Public Village 2.0: This is the improved proposal for the new civic center of Tallinn incorporating the comments and criticisms of the jury.

Like the old proverb:”success has many fathers”, architecture is the synthesis of a lot of different demands and challenges. The role of the architect is to incorporate and curate all these conditions (and contradictions) in to a coherent whole. Therefore it is ironic that we architects often find ourselves isolated at the essential moment of conception from the crucial dialogue with the clients, the neighbours, the city etc. due to the format of the architectural competition’s demand for anonymity.

We therefore see this second phase as the first step of many in our collaboration with the citizens of Tallinn to formulate a desirable vision for this (in all meanings of the word) central node of the city.

Critic and consequence
We want to reformulate the project from scratch so this book can be read without its predecessor, but before we begin we want to reiterate the main comments of the jury and our consequent responses. The first exchange in the ongoing design dialogue.


1. Organizational model
Critic: “Jury’s comment to organization of city’s administrative offices is that it will be demanding to accommodate current organization to that kind of typology. It was pointed out also, that the open office floor plans layout is maybe too literal/linear/formal translation of the concept of ‘flat’ participatory democracy. And yet the center of building is blocked by more conventional box? Maybe the term ‘village’ could be used more extensively in organizational model.”
We have attempted to increase the architectural simplicity of the organizational diagram while retaining the urban complexity of the whole. The dedicated buildings tailored to specific departments, have been distilled to their simplest form. Independently each component has a crystal clear and rational layout providing general usability and maximum flexibilty. Collectively they constitute a complex and diverse ensemble.
Like a village rather than a building the Public Village is a network of spaces constituting much more than the sum of its parts,
To demonstrate the incredible variety available for each department to change organization, layout or environment we have shown 3 different refurbishments of various organizational extremes.
2. Relation to surrounding context
Critic:  “Railway, which is currently running on north side of the competition site, will be most likely removed and that opens the upper area. Jury’s suggestion is that it could improve the building, if it would be spread more apart or be less concentrated. If the north part of site would be taken more into use then the administrative building would have more space.
Also the raised ground level plateau is blocking neighboring site’s – like new cultural factory in west.”
To benefit from the full extent of the site while creating a more porous and airy village of public services, we have turned the Public Village inside out.
From a concentric circle to an extraverted network radiating in all directions. A variety of niches allow public life to nest along the town hall’s perimeter.
The raised plateau is replaced by an archipelago of paved squares.

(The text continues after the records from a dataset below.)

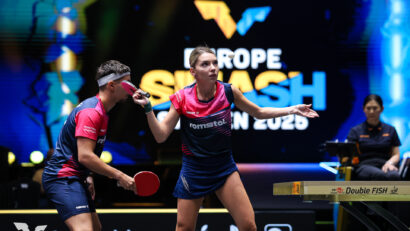 Szöcs Bernadette, victorie importantă la Europe Smash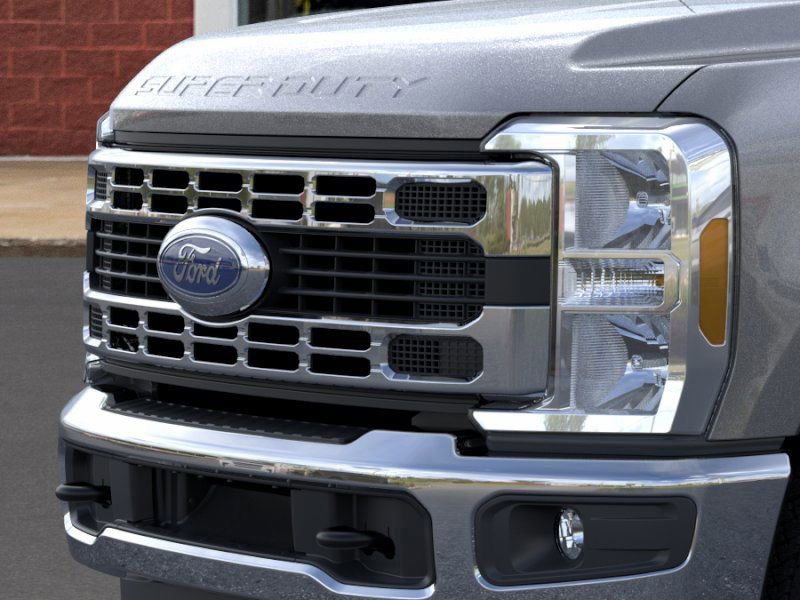 New 2026 Ford F350 XLT w/ Snow Plow Prep Package image 17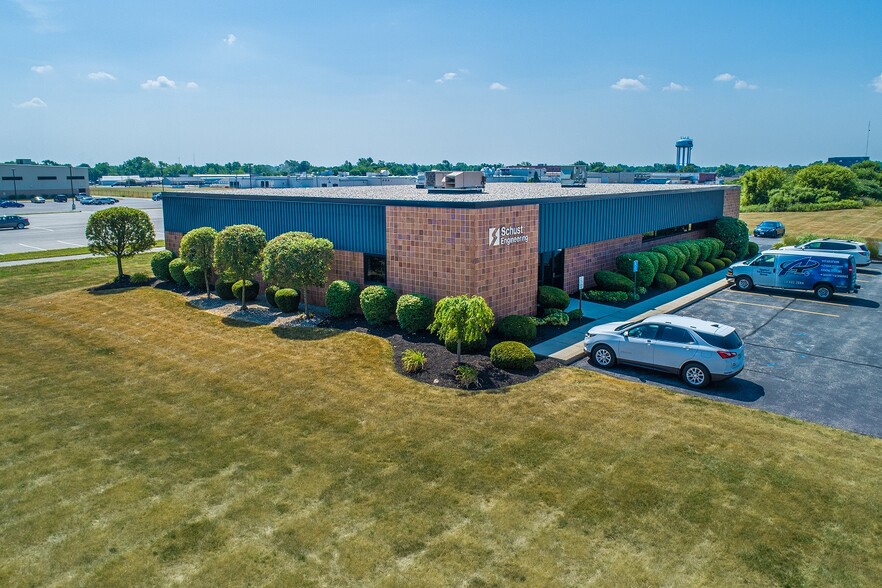 701 North St, Auburn, IN for sale - Building Photo - Image 1 of 1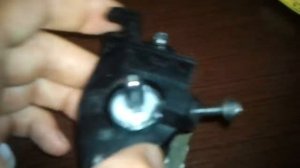 личинка замка багажника форд фьюжн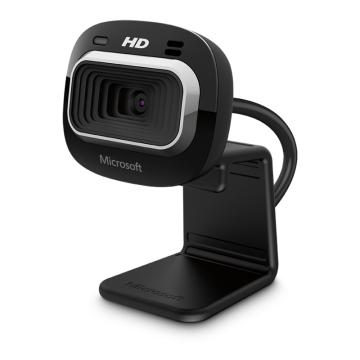 微软/Microsoft 网络摄像机HD3000，T3H-00015 售卖规格：1个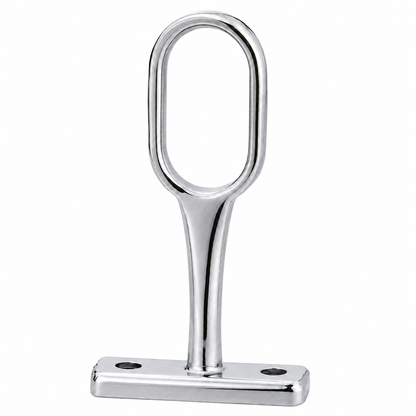 30x15mm Oval Centre Bracket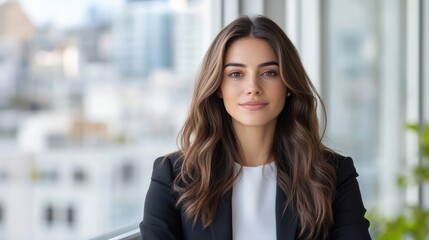 Professional woman in business attire (3)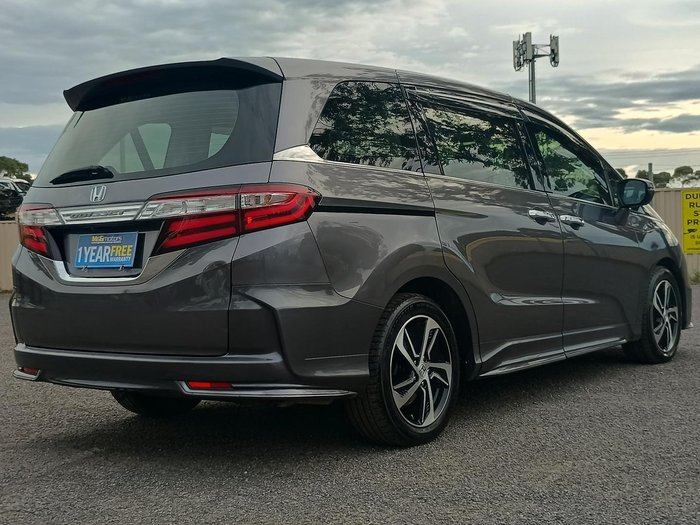2016 Honda Odyssey VTi-L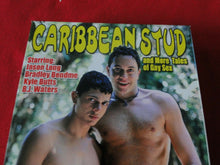 Load image into Gallery viewer, Vintage Adult Erotic Gay Interest VHS Tape 18 Year Old + Caribbean Stud        G
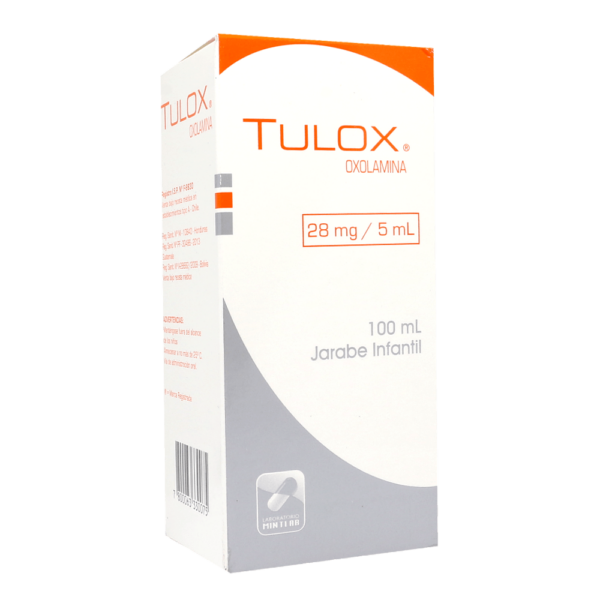 Tulox 28 mg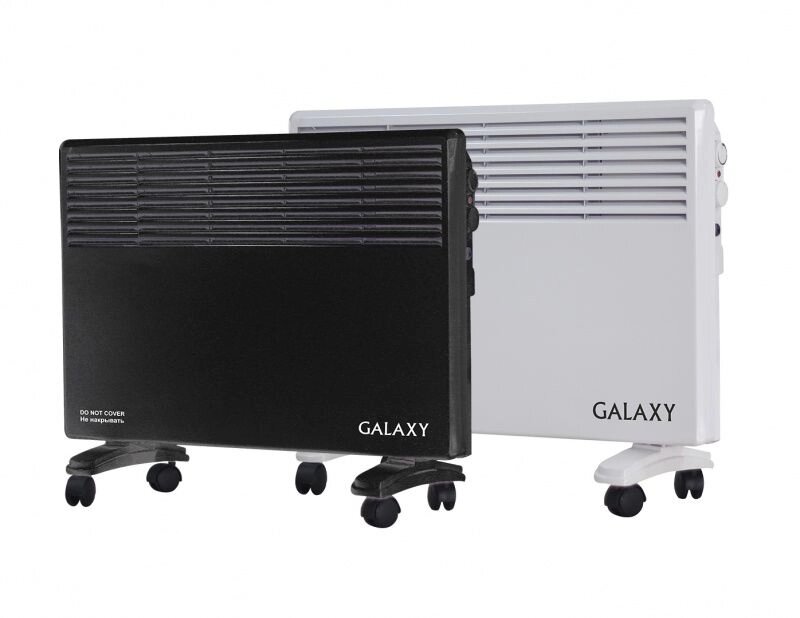 Конвектор Galaxy GL 8228 Black от компании F-MART - фото 1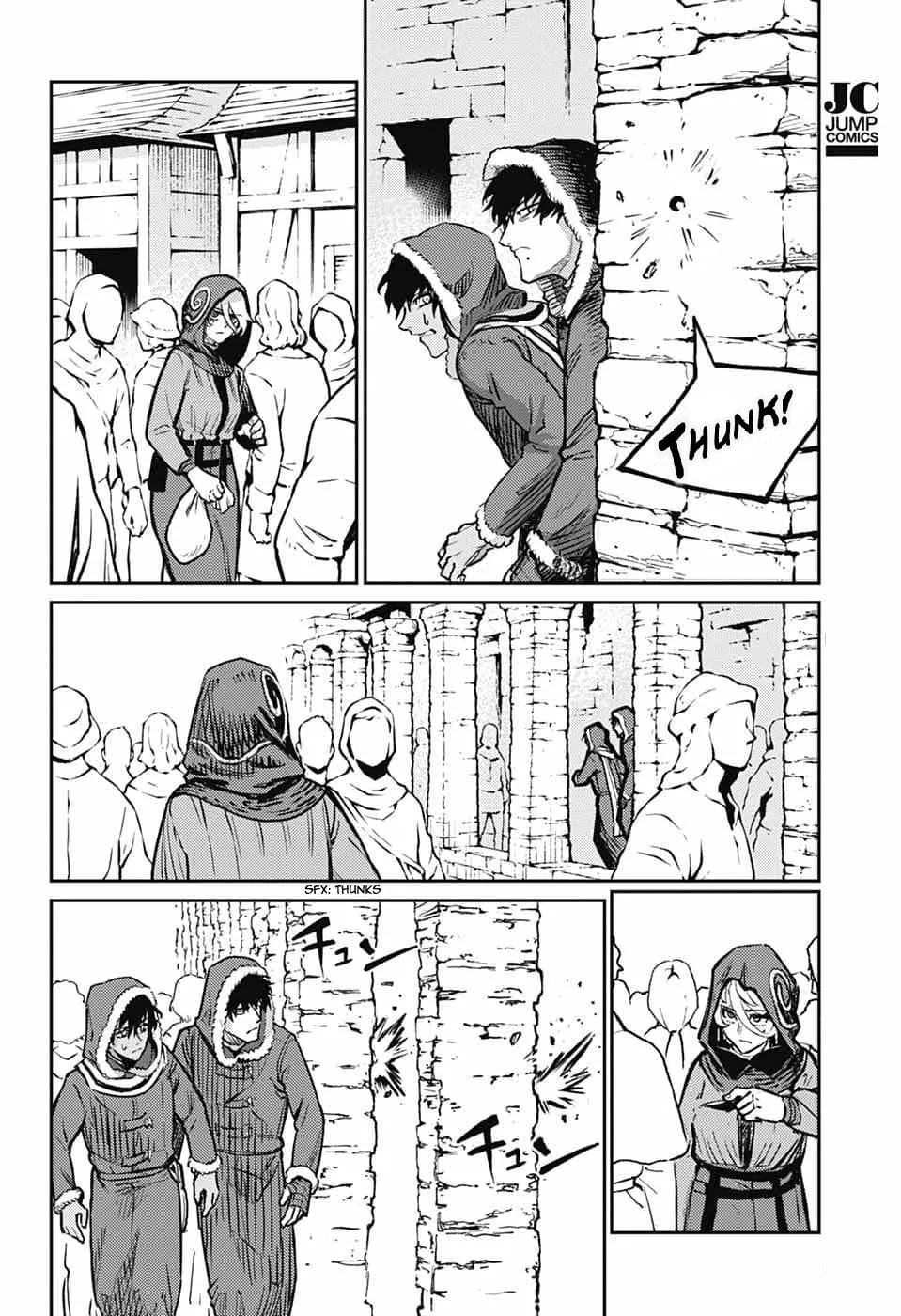 Read The Bugle Call_ Song of War EN Manga Online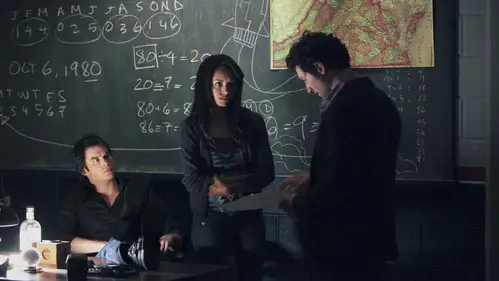 Crónicas vampíricas Temporada 4 Episodios 6 • Sub Español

Flowing under the canopy of public departments above, the complex of squares and gardens create a public space that is both collective and diverse, intimate and generous. Some squares are tilted to integrate auditoria and restaurants above, parking access, delivery and kitchens beneath.
The archipelago of squares create a gradual transition from plaza to park as public space flows through the public village from the square in front of the Linnen Hall to the park towards the sea.

3. Volumetric assembly
Critic: “Dense volumetric assembly creates complex intersections between units (on roof and atriums), which does not always give better spatial quality indoors. Jury was less optimistic about the collision of forms and would like to suggest simplifying the body of building, without losing the general idea.”
Rather than superimposing the volumes into a complex collage, compromising the integrity  of each department, we have turned them in to a hinged network of pure squares. The hinged network retains the simplicity of the individual departments while retaining the complexity of the collective composition. Inside: the product of clear organization and rational order. Outside: a diverse and urban experience.


4. Floor area valuation
Critic:  “Office areas answer to city’s needs, but parking must be increased by 30%. Connections with surrounding public space must be improved.”
The Public Village combines the human scale of the historical city and cultural cauldron with the public generosity of the Linnen Hall. The Public village serves as a pivot for the entire city accommodating the transformation from the park to the sea, from the city to the landscape and from the open public monument to the dense cultural cauldron”

5. Heritage valuation
Critic:  “Highest part of the building (tower) exceeds the height limitation- suggestion is to cut the height by third.”
We have accommodated the height of the tower to the recommendations of the masterplan – while retaining the perception of a democratic spire – the public periscope of participatory democracy.


The Public Village
How do you imagine a public institution in a 21st century participatory democracy?
How do you create a public symbol without invoking outdated representations of power and authority?
How do you create a public meeting space in a rapidly expanding city where the center gravitates in many directions?

Key to the City
Tallinn municipality has decided to consolidate its public governance and service entities into a new town hall. The new town hall will be located right to the north of the medieval city centre set within the green ring that wraps around the ancient city walls.
Surrounded by the former industry, a Soviet era sports hall, medieval town and modern developments the new town hall occupies a key position in the successful urbanization of the waterfront and offers a unique possibility of linking land and sea, old and new, public space and public institutions.
We propose to create a new urban typology that combines the human scale and intimate experience of the medieval townscape, with the public space and municipal symbolism of the modern extension.
We propose to create an open and permeable public institution, extending both town centre and public park all the way to the water’s edge.

Gordian Knot
The site of the new town hall is the link between the medieval city and the modern waterfront. Overlooking the green belt of park that wraps the city walls it combines all the qualities of the green nature, the blue sea and a central urban location. But the heavy traffic of the inner ring road cuts the town hall from the city centre turning the green belt in to a wall of traffic.
In an Alexandrian gesture we propose to untie the Gordian knot of traffic by submerging the ring road underground between city and water, allowing the traffic to surface at a roundabout to the northwest. This provides the town hall with a park front location for the new town square. Pedestrian movement will be able to flow freely between old and new neighborhoods, and the green ring rolls over and beyond the ring road all the way to the Gulf of Finland.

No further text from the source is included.